A passerby recognized him from the media. He was taken to a local hospital for evaluation and is expected to be brought back to New York City.
The second victim came forward late Wednesday after seeing reports of the woman who was apparently randomly shoved to the tracks at the 5th Ave / 53 St station around noon.
The man reported to police he was punched in the face in the same station, moments before the suspect went on to shove the woman.
That 30-year-old victim was on the southbound E train platform when she was pushed as a train was going by. She hit her head on the back of the train and then fell onto the tracks, authorities said.
Bystanders on the platform helped pull her off the tracks and back onto the platform as the suspect ran off. She underwent emergency surgery and officials say she continues to fight for her life.
Police say surveillance cameras all over the 5th Avenue and 53rd Street station captured Jones walking out of the station after allegedly pushing that woman.
Jones is a homeless man "known to the department" through his history of declining help from outreach workers, who have documented his mental illness and drug abuse.
Sources say he was first encountered by homeless outreach workers in Nov. 2021, months after he was reported missing by family in February from Newark. Family told Newark police he had been diagnosed with depression and psychosis.
Outreach workers interacted with Jones at various subway stations, including one a few weeks later in Queens. He was described as non-threatening and a good candidate for a safe haven. But he did not appear to have accepted offers to go to a shelter.

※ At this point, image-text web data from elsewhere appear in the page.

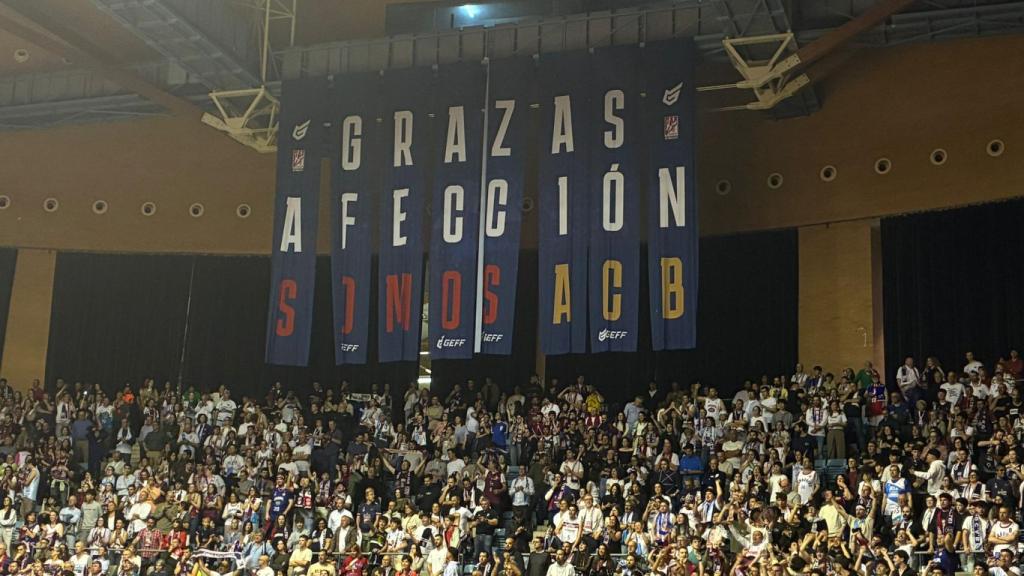 Agradecimiento al apoyo de la afición toda la temporada.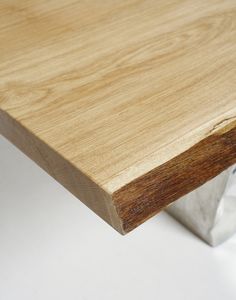 XHIXHA HELIDON (n. 1970) : attribuito. Tavolo  - Asta DESIGN E ARTI DECORATIVE DEL NOVECENTO Tradizionale - Associazione Nazionale - Case d'Asta italiane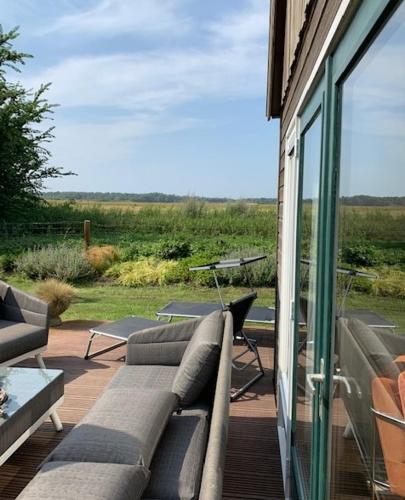Bart's Home – Photos 3
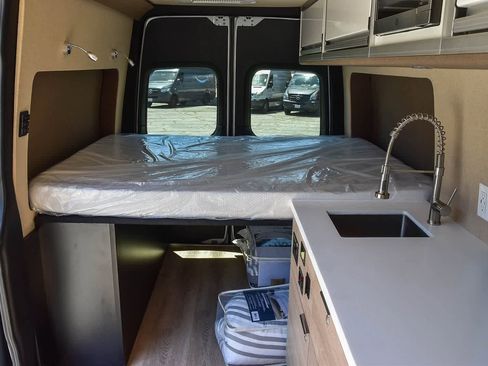 Used 2021 Mercedes-Benz Sprinter 2500 image 13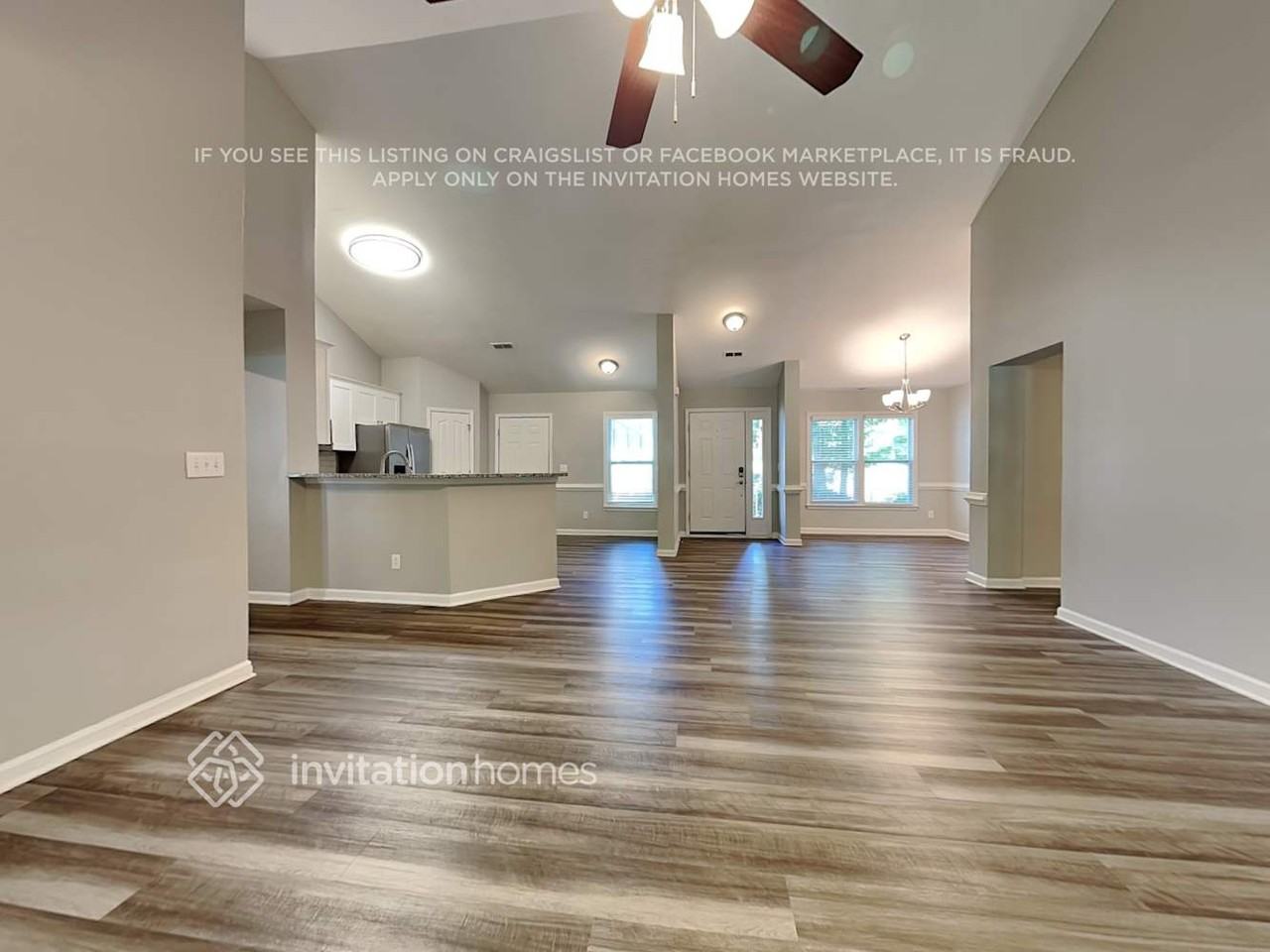 9947 Davis Lake Pkwy - Photo 3 of 13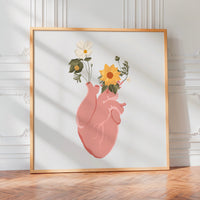 Le tableau accroché en situation dans un intérieur meublé.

Jones was charged in December with resisting arrest for riding between subway cars in Brooklyn, refusing to leave the station and fighting with officers. He has one previous "emotionally disturbed person" interaction with police.
City leaders say progress is being made, but more needs to be done to help people with mental illness get off the streets.
"Listen, in the past year we have made tremendous progress on subway crime. Crime is nine percent down where it was the past year before COVID. But, that's no consolation to the family of this young woman," MTA CEO and Chair Janno Lieber said.
Lieber has sympathy for those struggling with mental illness, but said they "cannot be in the public space where our riders are experiencing attack, we're feeling threatened."
The NYPD says there have been 15 incidents of people being pushed onto the subway tracks so far this year compared to 22 by this time last year.